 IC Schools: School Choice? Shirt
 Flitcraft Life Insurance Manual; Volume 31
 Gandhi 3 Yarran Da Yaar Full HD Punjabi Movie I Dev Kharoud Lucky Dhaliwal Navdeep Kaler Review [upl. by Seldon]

--- WHAT IS REQUIRED ---
The output must reproduce the whole listing without a single change.

--- RESPONSE ---
 IC Schools: School Choice? Shirt
 Flitcraft Life Insurance Manual; Volume 31
 Gandhi 3 Yarran Da Yaar Full HD Punjabi Movie I Dev Kharoud Lucky Dhaliwal Navdeep Kaler Review [upl. by Seldon]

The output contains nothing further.